Your objective. Your job with the data below is to output exactly the lines from the one holding "MIAMIO - 75" down to the one holding "I Am a German", both included, and no others.
*** Supplied material ***
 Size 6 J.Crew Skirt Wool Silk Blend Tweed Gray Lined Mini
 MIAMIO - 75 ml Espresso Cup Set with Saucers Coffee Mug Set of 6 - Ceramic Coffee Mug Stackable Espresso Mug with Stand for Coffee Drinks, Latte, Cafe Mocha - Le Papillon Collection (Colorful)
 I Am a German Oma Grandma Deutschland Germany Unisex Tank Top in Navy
*** End of Supplied material ***
*** Supplied material ***
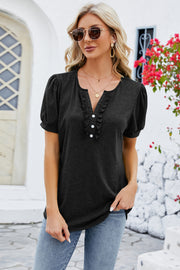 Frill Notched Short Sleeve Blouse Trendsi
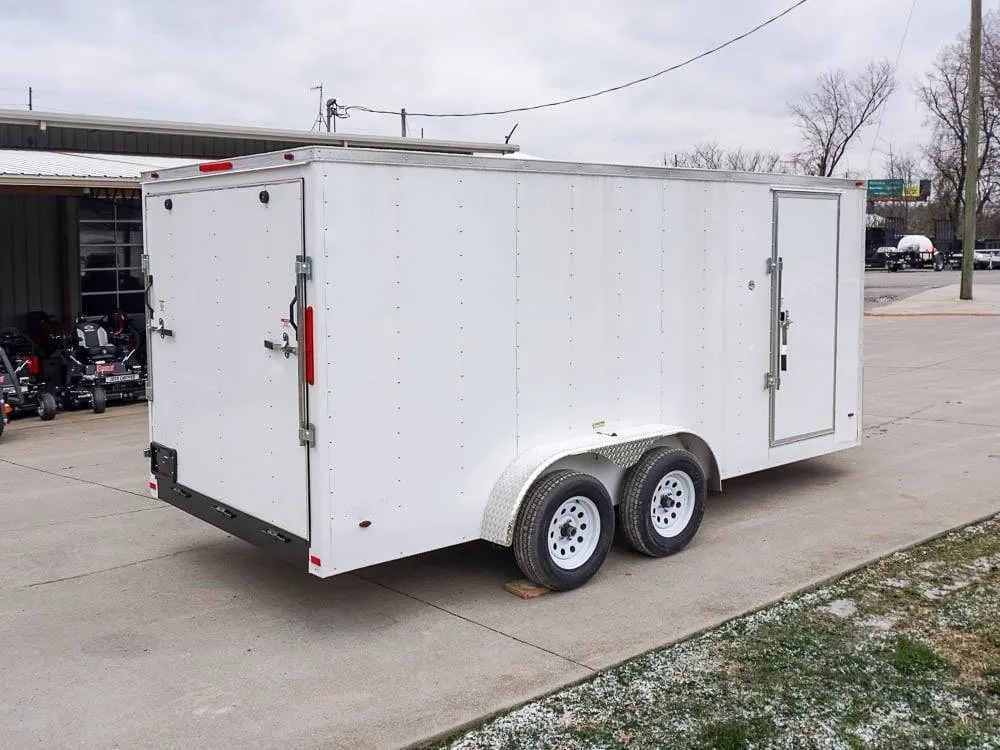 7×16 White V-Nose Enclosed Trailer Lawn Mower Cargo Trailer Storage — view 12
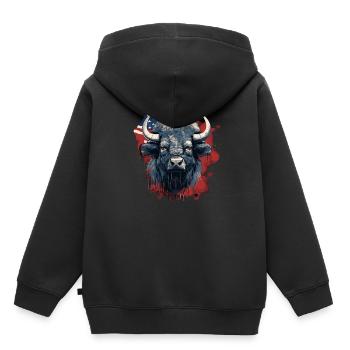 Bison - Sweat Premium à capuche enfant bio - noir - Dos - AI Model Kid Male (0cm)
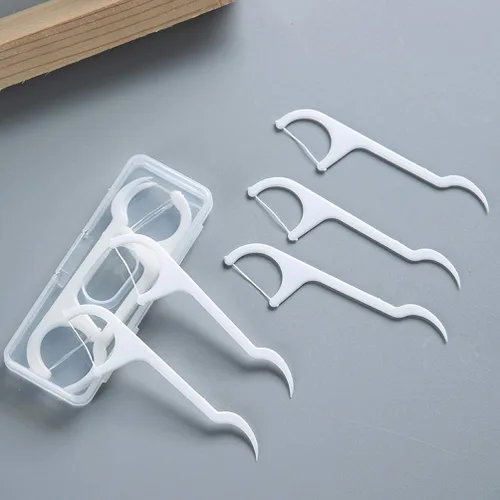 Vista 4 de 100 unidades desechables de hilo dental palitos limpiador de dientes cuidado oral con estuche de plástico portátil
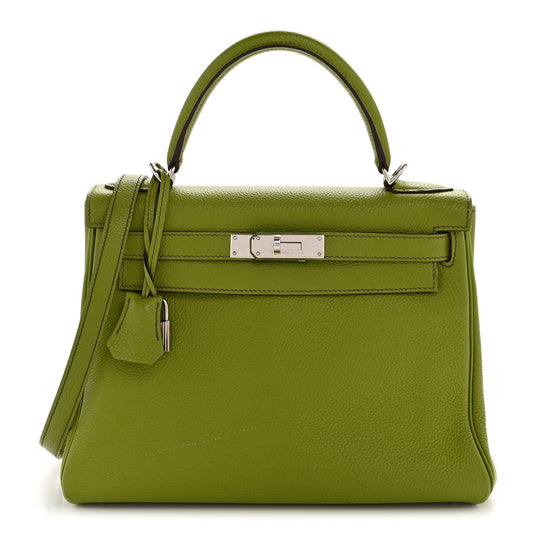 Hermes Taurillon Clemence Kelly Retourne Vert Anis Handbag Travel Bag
*** End of Supplied material ***
Exercise result.
 MIAMIO - 75 ml Espresso Cup Set with Saucers Coffee Mug Set of 6 - Ceramic Coffee Mug Stackable Espresso Mug with Stand for Coffee Drinks, Latte, Cafe Mocha - Le Papillon Collection (Colorful)
 I Am a German Oma Grandma Deutschland Germany Unisex Tank Top in Navy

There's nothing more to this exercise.